Can you check if you have TMPDIR, TEMP or TMP env variables set?
Code assumes it successfully creates file in tmp dir (but this can fail),
this uses python's tempfile.gettempdir.
Can you check if you have TMPDIR, TEMP or TMP env variables set?
Code assumes it successfully creates file in tmp dir (but this can fail),
this uses python's tempfile.gettempdir.
Hi Brian,
setting any of these variables did not help.
I’m a newbie to python so I’m not familiar digging into the python descriptions.
However, as far as docs.python.org says about tempfile.gettempdir those variables are 1.-3. in a search hierarchy for a temp space which on “other systems” (which Solaris is probably) is follwed by searching for /tmp, /var/tmp, and /usr/tmp.
I checked if a normal user can create a file in /tmp: YES. So I expect there is no problem with tempfile.gettempdir.
Having found docs.python.org I also looked into fcntl.flock which says: “See the Unix manual flock(2) for details. (On some systems, this function is emulated using fcntl()
.)”
Solaris man page for flock(3ucb) (There is no flock(2).) can be found at http://docs.oracle.com/cd/E19683-01/816-0213/6m6ne37v5/index.html
fcntl(2) is described here: http://docs.oracle.com/cd/E19683-01/816-0212/6m6nd4n9c/index.html
Both man pages describe EBADF as a possible error code.
Further I searched google with “solaris flock python” and found a couple of locking issue descriptions. But as far as I saw none describing the error “Bad file number”.
This all does not give me a clue whether ansible is using fcntl.flock in a Solaris incompatible way of if already the python implementation for fcntl.flock is incompatible with Solaris.
Any idea?
Regards,
Karl
So the initial error made me think the file wasn't accessible or being
created, but looking closer at the code, you would have had a traceback
earlier with 'IOError' or similar.
Just to make sure this isn't a python flock incompatibility error, can you
run (adjust shebang and file string as needed):
this should run w/o output on success.
--- locktest.py ---
#!/usr/bin/python
import fcntl
lfile = "/var/tmp/mylock"
lfile_c = open(lfile,"w")
lfile_c.close()
LOCKFILE = open(lfile,"r")
fcntl.flock(LOCKFILE, fcntl.LOCK_EX)
It sounds like it’s just unable to get a lock on your tempdir and we need to make it tolerate not being able to get that lock, which is simple enough.
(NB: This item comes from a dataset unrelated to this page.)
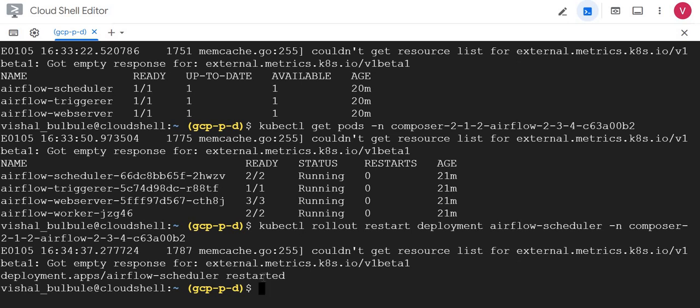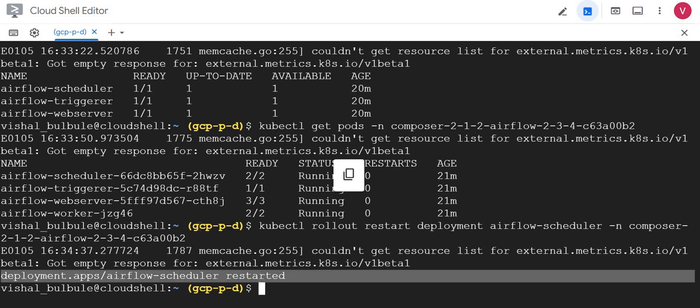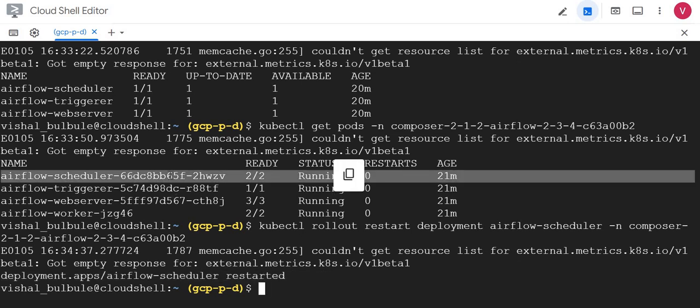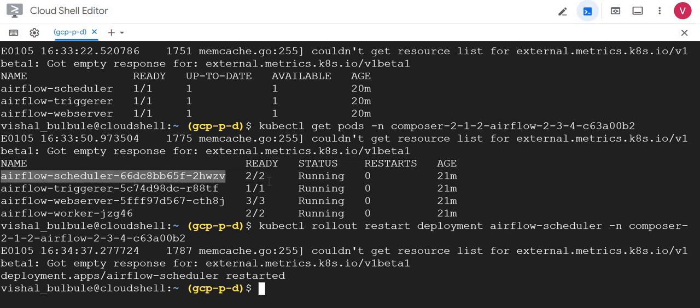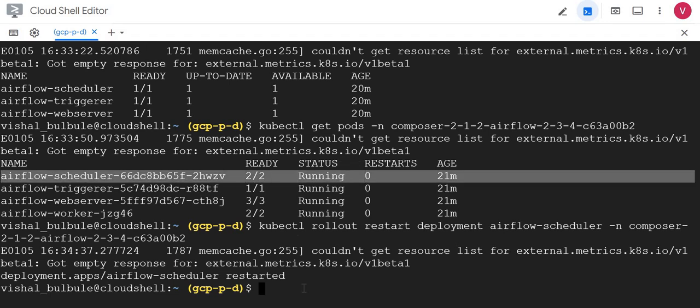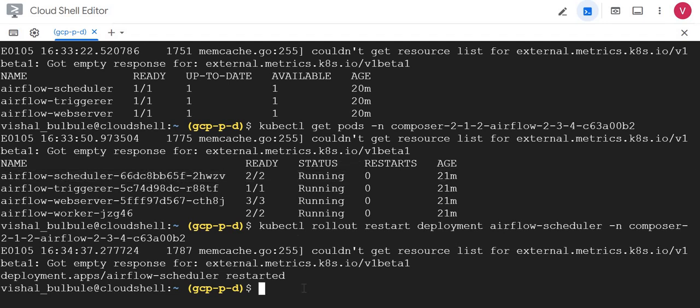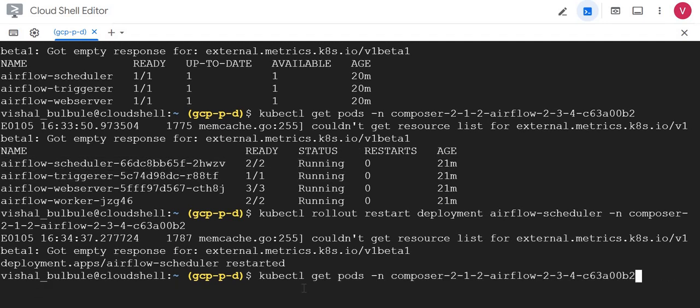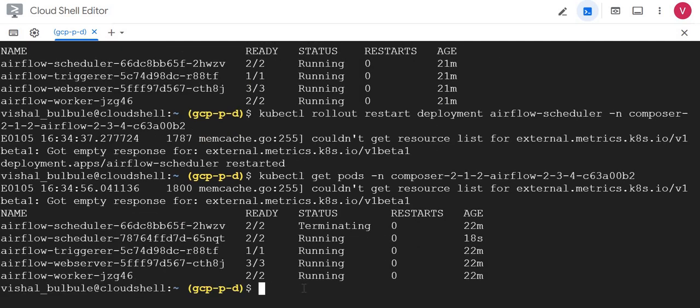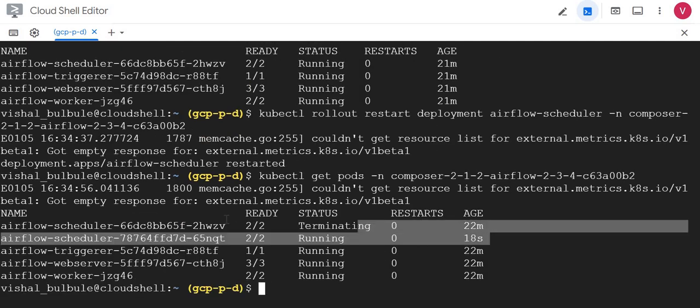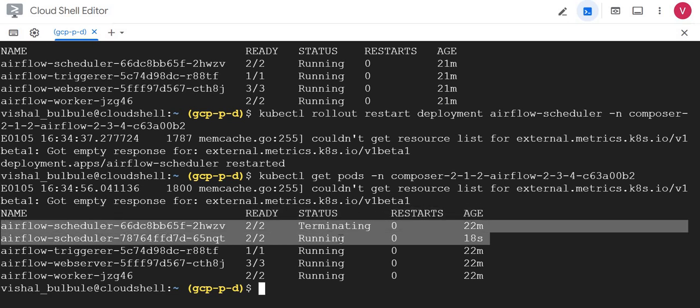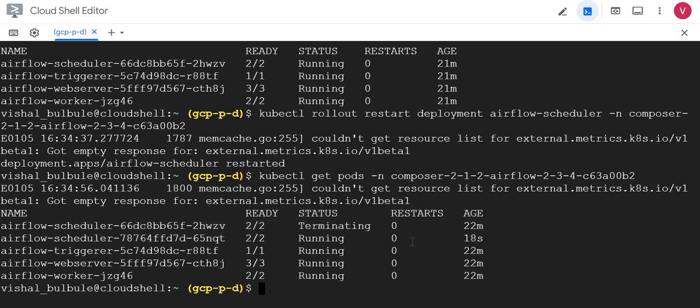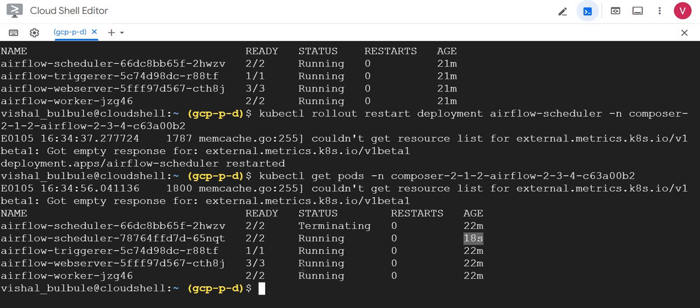You could see it's restarted. Now take a look at here. When I earlier executed, the age was 21 minutes. Now it will create one more scheduler deployment here with another pod. Let me execute get pods again. Now you could see the two instances of the schedulers here. The older one is terminating and the newer one is running with age 18 seconds. So we restarted our scheduler service.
Please make sure there isa github ticket filed and I’ll take care of it.
The locking here is only to make sure that output does not get interlaced, which can happen occassionally.
Hi Brian,
running locktest.py yields following:
~ 64) python locktest.py
Traceback (most recent call last):
File “locktest.py”, line 10, in
fcntl.flock(LOCKFILE, fcntl.LOCK_EX)
IOError: [Errno 9] Bad file number
~ 65) ls -al /var/tmp/mylock
-rw-r–r-- 1 kcb e2dv 0 15. Mai 21:20 /var/tmp/mylock
After reading again the error descriptions in the Solaris man pages I found it likely, that the descriptions of fcntl apply to our problem. (If the flock.fcntl function for Solaris actually is emulated using fcntl.)
For fcntl the EBADF error may be returned in a number of combinations of arguments and does not simply mean it’s not a valid file descriptor.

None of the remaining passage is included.